- Directed by: Takashi Miike
- Written by: Ichiro Ryu
- Based on: Novel by Hase Seishu
- Produced by: Kazunari Hashiguchi; Toshiki Kimura; Hiroshi Yamamoto;
- Cinematography: Naosuke Imaizumi
- Edited by: Yasushi Shimamura
- Music by: Kōji Endō
- Release date: September 15, 2000 (Toronto International Film Festival);
- Running time: 102 minutes
- Country: Japan
- Language: Japanese
- Budget: ¥2,000,000

= The City of Lost Souls =

The City of Lost Souls (漂流街, Hyōryū-gai) is a 2000 Japanese action film directed by Takashi Miike based on a novel by Hase Seishu.

==Plot==
The Brazilian-Japanese criminal Mario hijacks a helicopter and uses a machine gun to attack a prison bus and free his Chinese girlfriend Kei. They attempt to raise money by robbing a cockfight but end up robbing drugs bought by the yakuza Fushimi of the Okayama Group from a Chinese triad boss named Ko moments before. Fushimi's boss demands his finger but Fushimi kills him and takes over his position with the aid of his soldier Yamazaki.

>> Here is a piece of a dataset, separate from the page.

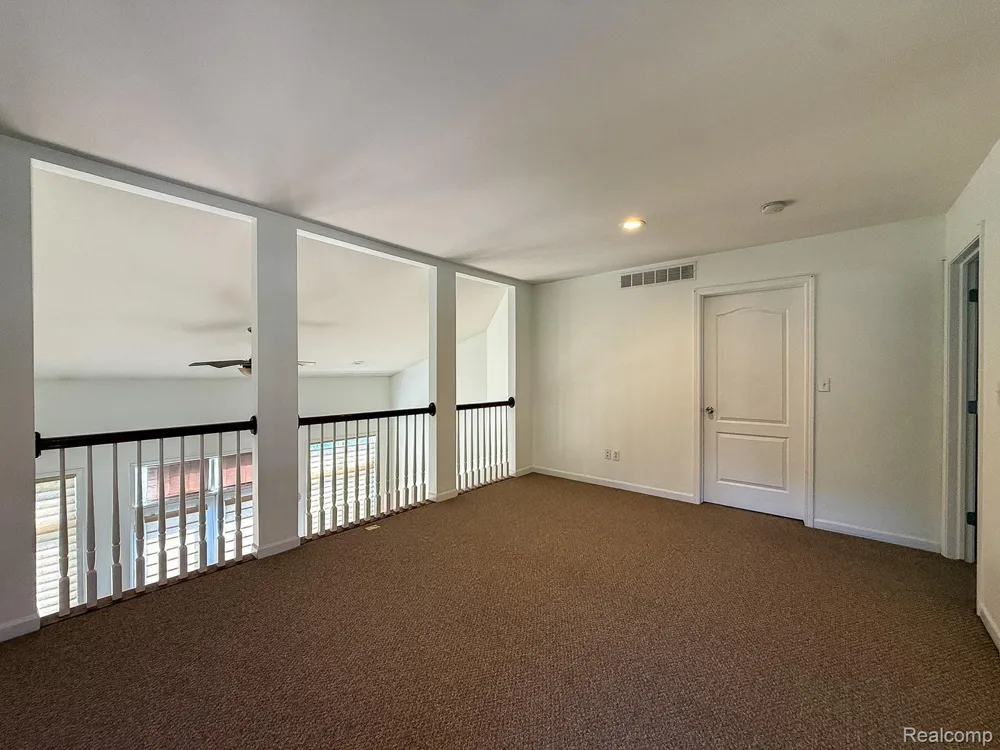 1038 Lorenzo Court Troy City, MI 48085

Mario and Kei sell the drugs to a local Brazilian TV broadcaster, who attempts to sell the drugs back to Ko but is beaten then given a message that there is a million-yen reward for Mario and Kei. Mario and Kei fly to Okinawa and are about to stow aboard a boat bound for Tapei then escape to Australia with the aid of their fake passports, but Fushimi abducts Mario's former lover Lucia's blind foster daughter Carla, so Mario and Kei return to Tokyo.

Kei is captured on the street by Riku and brought to Ko, who has always been in love with her. Fushimi and Yamazaki arrive and Ko challenges Fushimi to a ping-pong match, then uses a hidden button to shoot a spinning blade at Fushimi, which Fushimi dodges as Yamazaki shoots and kills Ko. The two yakuza take Kei with them, but Mario arrives and rescues Carla from the Okayama Group's offices before killing Fushimi and rescuing Kei.

Mario and Kei attempt to sail to Taiwan but Lucia catches them and shoots them dead with a rifle. A video montage during the credits reveals that Yamazaki and Riku become lovers.

==Cast==
- Teah as Mario
- Michelle Reis as Kei
- Patricia Manterola as Lucia
- Mitsuhiro Oikawa as Ko
- Koji Kikkawa as Fushimi
- Ren Osugi
- Akaji Maro
- Anatoli Krasnov as Khodoloskii
- Sebastian DeVicente as Rikardo
- Terence Yin as Riku
- Atsushi Okuno as Carlos
- Akira Emoto as Kuwata
- Eugene Nomura as Yamazaki
- Marcio Rosario as Sanchez
- Ryuushi Mizukami as Ide
- Takeshi Nakajima
- Tokitoshi Shiota as Beaten chicken owner

==Other credits==
- Produced by:
  - Kazunari Hashiguchi - producer
  - Toshiki Kimura - producer
  - Yasuyoshi Tokuma - executive producer
  - Tsutomu Tsuchikawa - planner: Daiei
  - Hiroshi Yamamoto - producer
- Casting: Donna Brower
- Production Design: Akira Ishige
- Art Direction: Reiko Kobayashi
- Assistant Director: Masato Tanno
- US set decorator: Isabelle Stamper
- Sound Department: Kenji Shibazaki - sound

==Reception==
In a positive review of the film, Jesper Sharp of Midnight Eye wrote, "Colourful and exotic or cluttered and chaotic, even if the whole never quite manages to add up to the sum of its parts and lacks the weight of some of his earlier work, Takashi Miike on cruise-control is still a devastating force."